INSTRUCTIONS TO FOLLOW
Taking the entries below, transcribe only the lines starting with the one with "Now that you" and going on through the one with "Sometimes it's easy, sometimes", exactly as written, without the pictures.

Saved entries
+++

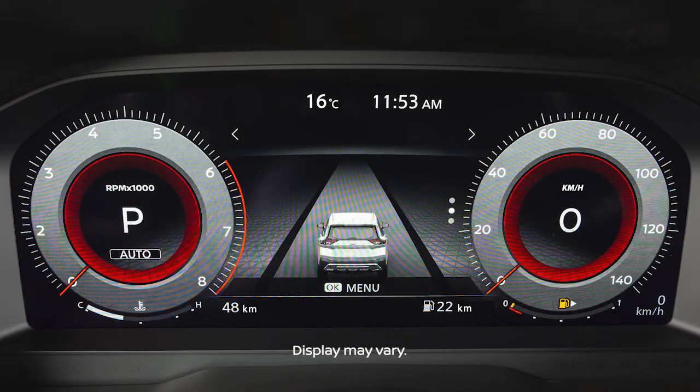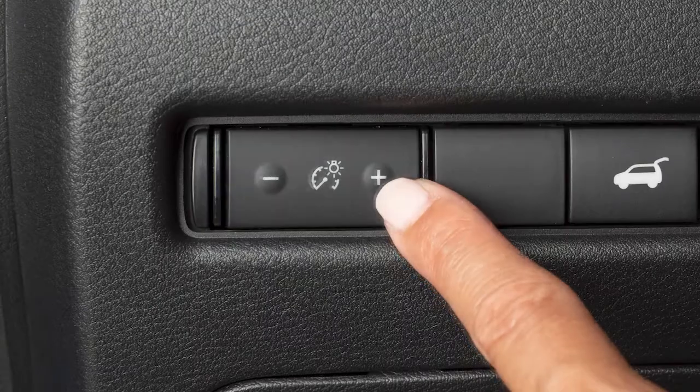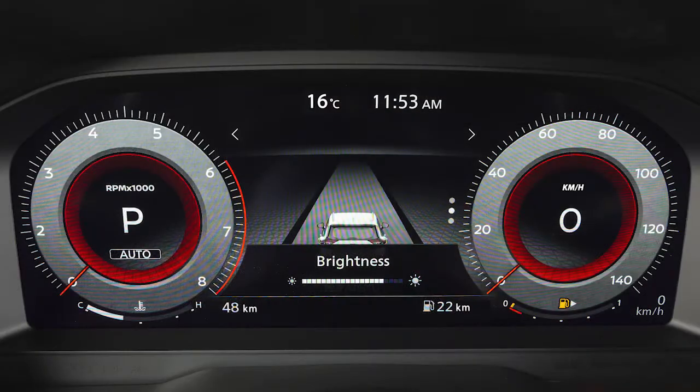Your instrument panel lights up whenever the ignition is on. This control adjusts the brightness of your instrument panel lights. Repeatedly push the plus button to increase the brightness, or the minus to reduce the brightness.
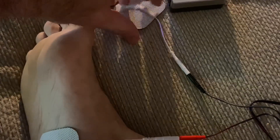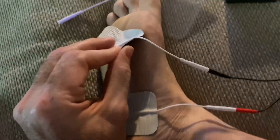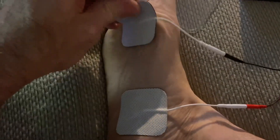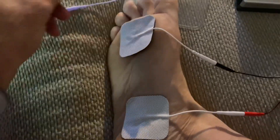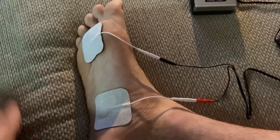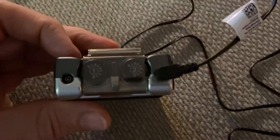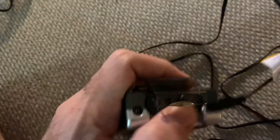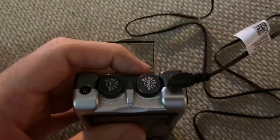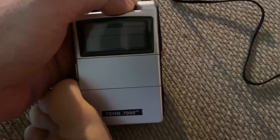Because you can electrocute yourself. Even though it says mild tingling, if you crank these up you really feel it and it's not comfortable. I've played with one of these before and was quite surprised what a little 9-volt device can do. This one is pretty cool — it's got two channels, one and two, so I could have two running at the exact same time. Right here I can turn up the intensity. Let's just turn it on and see what happens.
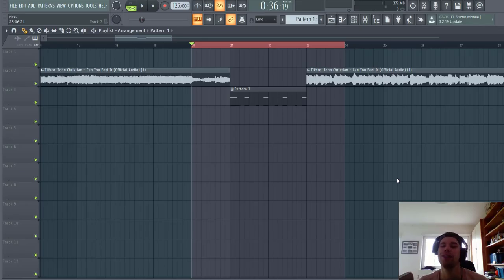Hey guys, Eric Personas here back to another video. In this video we're gonna remake this Chester kind of style bass line that I used in this new track 'We're Messed, Can You Feel It' and in this other track 'Grapevine'.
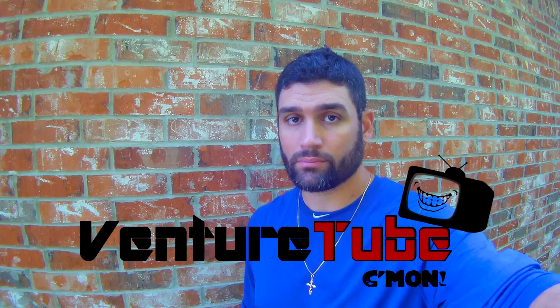Hey guys, welcome to another episode of Venture Tube. The much anticipated video is here. I'm going to show you my personal modifications on my 2016 Hobie Pro Angler 14. A lot of you guys have been asking for this video and also asking about the differences between this one and my old version Hobie PA14. So this may be a lengthy video, but stay tuned — it's going to have some great information.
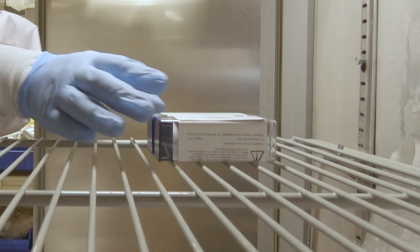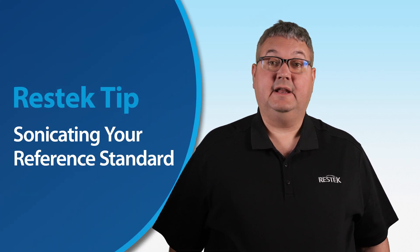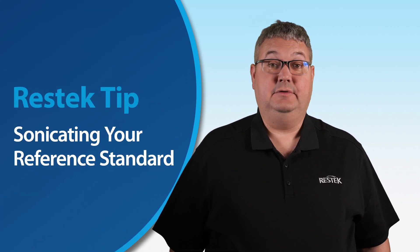Depending on the storage conditions of reference standards, they may need to be sonicated before use. In today's ResTech Tip, we're going to look at why you may need to sonicate your reference standards and how to do it.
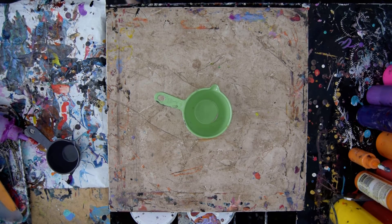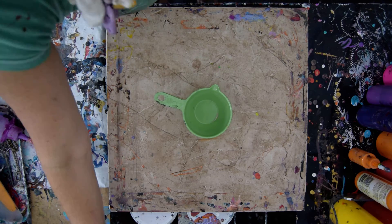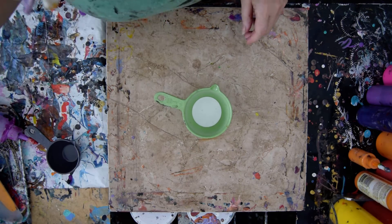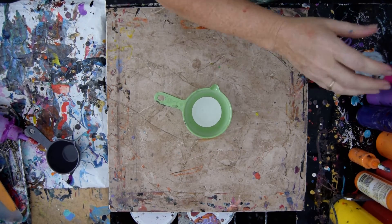Hello again. It's Priscilla Batzell in Spring Hill, Florida, at Expressionist Art Studio, still in October and in the backyard. I am going to set up a cup of paint starting with a ring pour style.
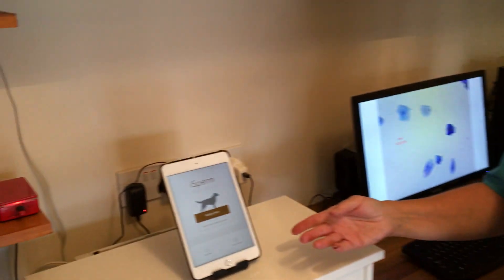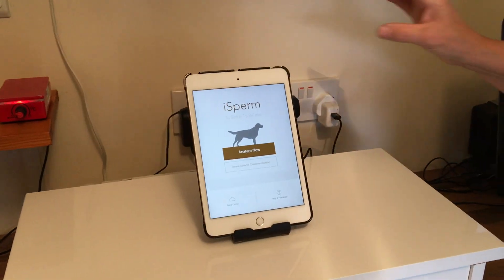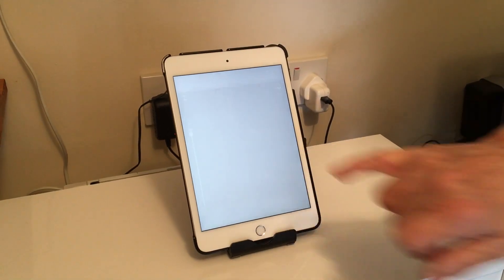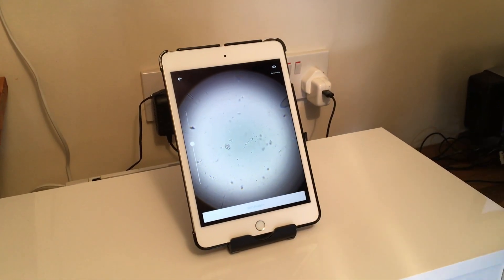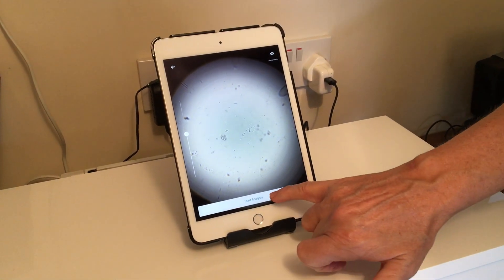So this is what we use - we use the iSperm. Our sample is already loaded into there, it's already in the microscope at the back, so we simply click Analyse, Start Analysis. Oh, don't think I pressed it.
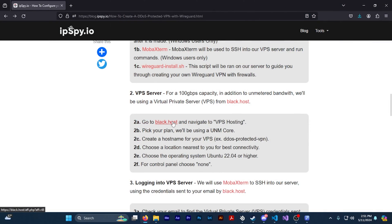Now that you guys have all the prerequisites, we're going to need a VPS to actually run the VPN on. In this video I'm going to be getting a VPS from Blackhost. Blackhost has a 100 gigabyte per second capacity and unmetered bandwidth, so you guys will be safe from DDoS attacks. If you've never purchased a VPS before and you don't know how to go through it, I'm going to be showing you how to do that right now. If you already know how to get your VPS you can skip this part.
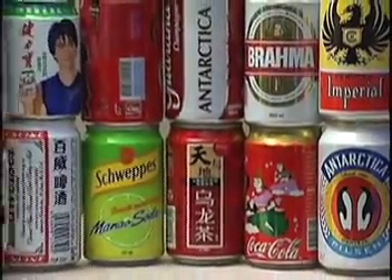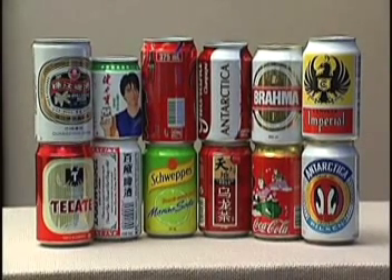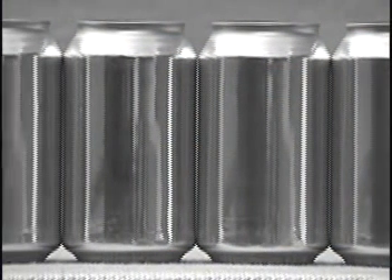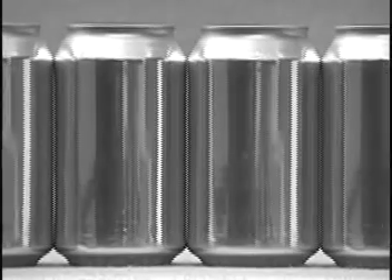Ball is an innovator in the design and production of lightweight aluminum beverage containers. Our technology is used by companies all over the world. We manufacture high quality aluminum cans in a variety of sizes, from the tiny 5.5 ounce to the jumbo 32 ounce. The most produced beverage can is the 12 ounce can. In this program we will see how Ball makes a typical 12 ounce can.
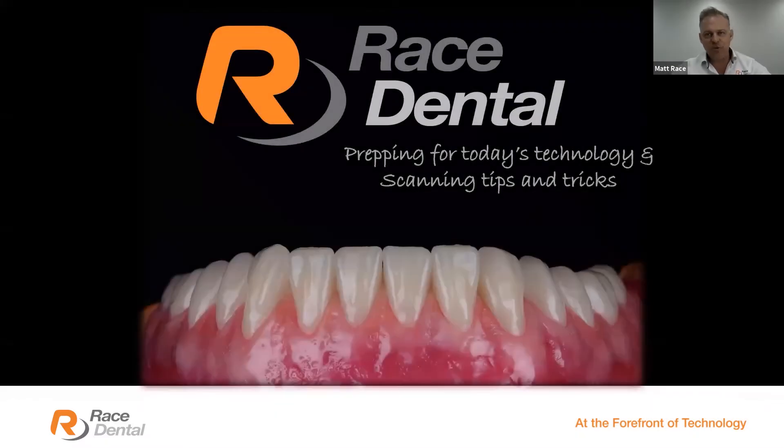Welcome back to Race Dental's Race Academy webinar series. It's been an exciting start to the year — many things happening, many things changing. We've got guests today from Australia, the USA, Japan, New Zealand, Taiwan, Singapore, and Malaysia. Welcome one, welcome all. I love the globalization that today's technology enables us to connect into.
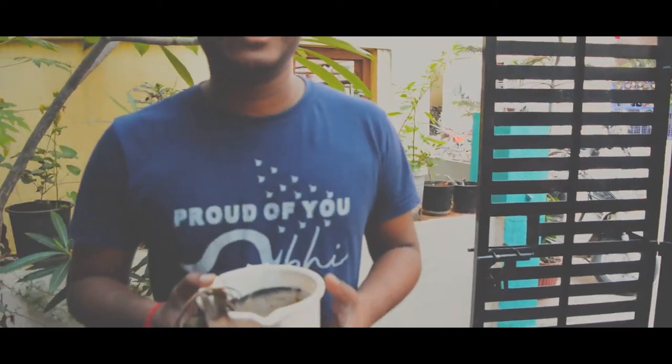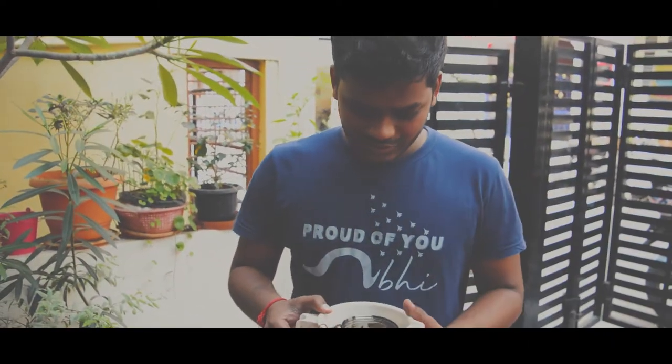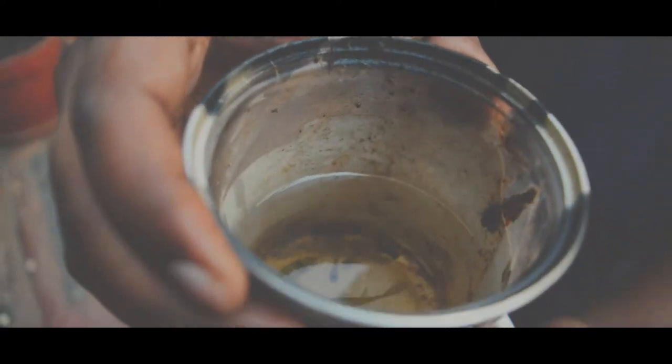Yo, what is up guys, this is your fish guy here. So I'm just returning back from Rohan's house. I have a small segment of those lily plants that we collected earlier in one of my old videos — this is how sick the plant looks. I should take good care of it. He also sent a dozen guppies with me. I barely have guppies in my pond so let's get back to the fish pond.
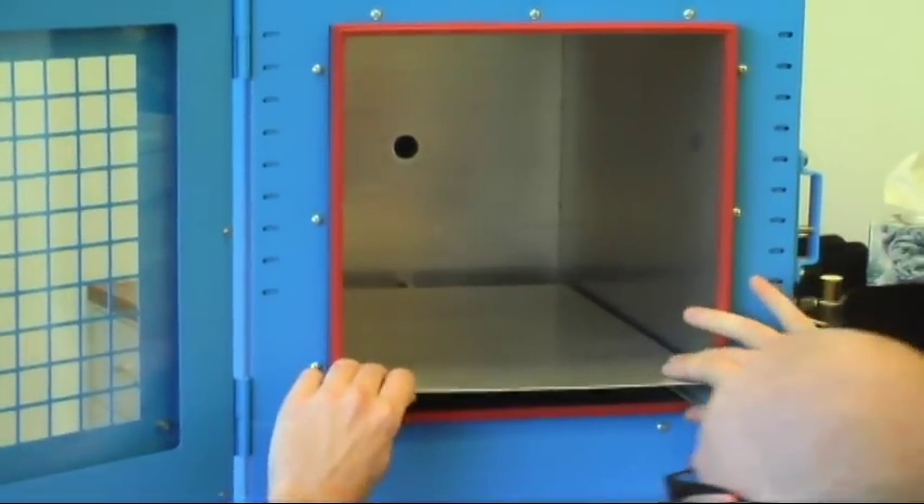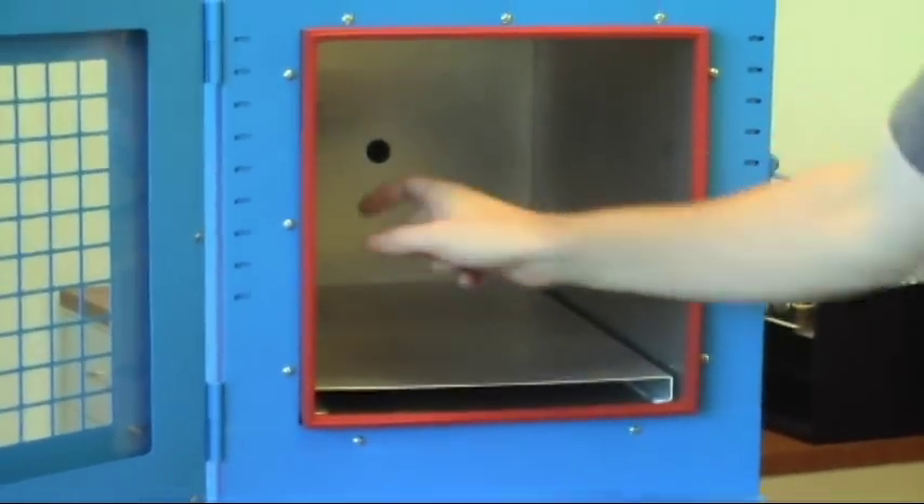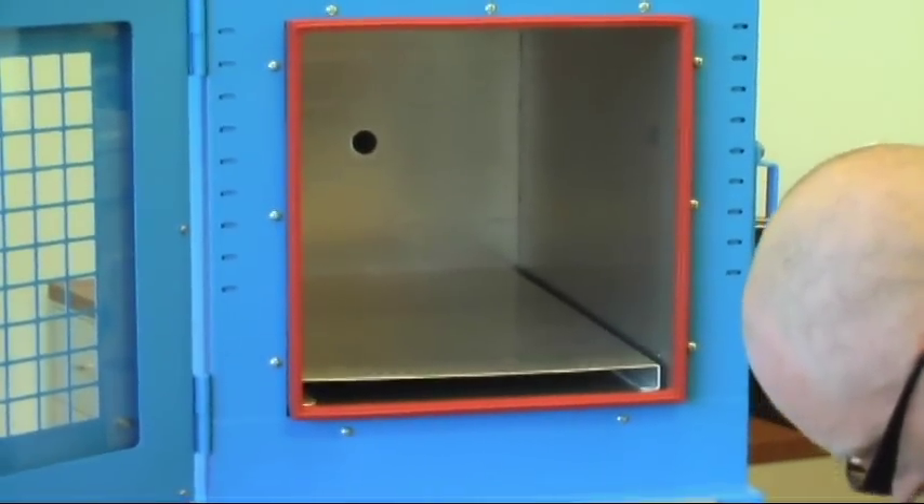Sometimes it's easy, sometimes it's not. There we go — it slides right in. It detaches. We have two more shelves.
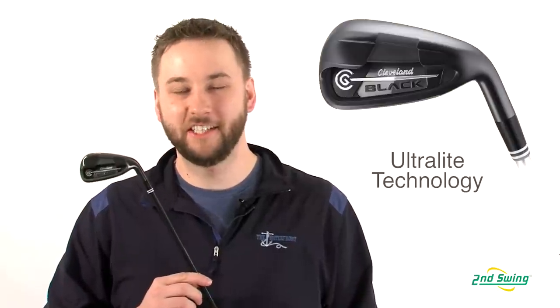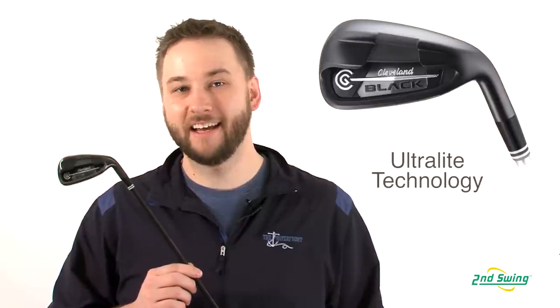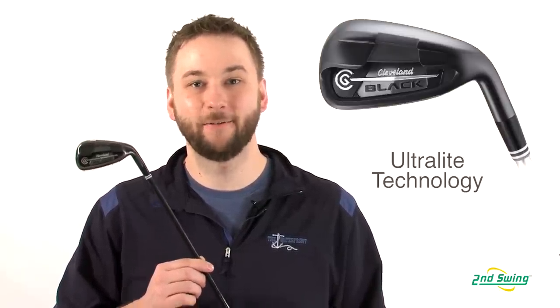Cleveland also gives the CG Black Irons their ultralight technology. Combining an ultralight Lampkin grip with the Miyazaki C-Kua 59 gram graphite shaft gives you increased ball speeds and swing speeds for longer distance.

+++

SOLUTION TO THIS TASK
Now that you guys have all the prerequisites, we're going to need a VPS to actually run the VPN on. In this video I'm going to be getting a VPS from Blackhost. Blackhost has a 100 gigabyte per second capacity and unmetered bandwidth, so you guys will be safe from DDoS attacks. If you've never purchased a VPS before and you don't know how to go through it, I'm going to be showing you how to do that right now. If you already know how to get your VPS you can skip this part.
Ball is an innovator in the design and production of lightweight aluminum beverage containers. Our technology is used by companies all over the world. We manufacture high quality aluminum cans in a variety of sizes, from the tiny 5.5 ounce to the jumbo 32 ounce. The most produced beverage can is the 12 ounce can. In this program we will see how Ball makes a typical 12 ounce can.
Welcome back to Race Dental's Race Academy webinar series. It's been an exciting start to the year — many things happening, many things changing. We've got guests today from Australia, the USA, Japan, New Zealand, Taiwan, Singapore, and Malaysia. Welcome one, welcome all. I love the globalization that today's technology enables us to connect into.
Yo, what is up guys, this is your fish guy here. So I'm just returning back from Rohan's house. I have a small segment of those lily plants that we collected earlier in one of my old videos — this is how sick the plant looks. I should take good care of it. He also sent a dozen guppies with me. I barely have guppies in my pond so let's get back to the fish pond.
Sometimes it's easy, sometimes it's not. There we go — it slides right in. It detaches. We have two more shelves.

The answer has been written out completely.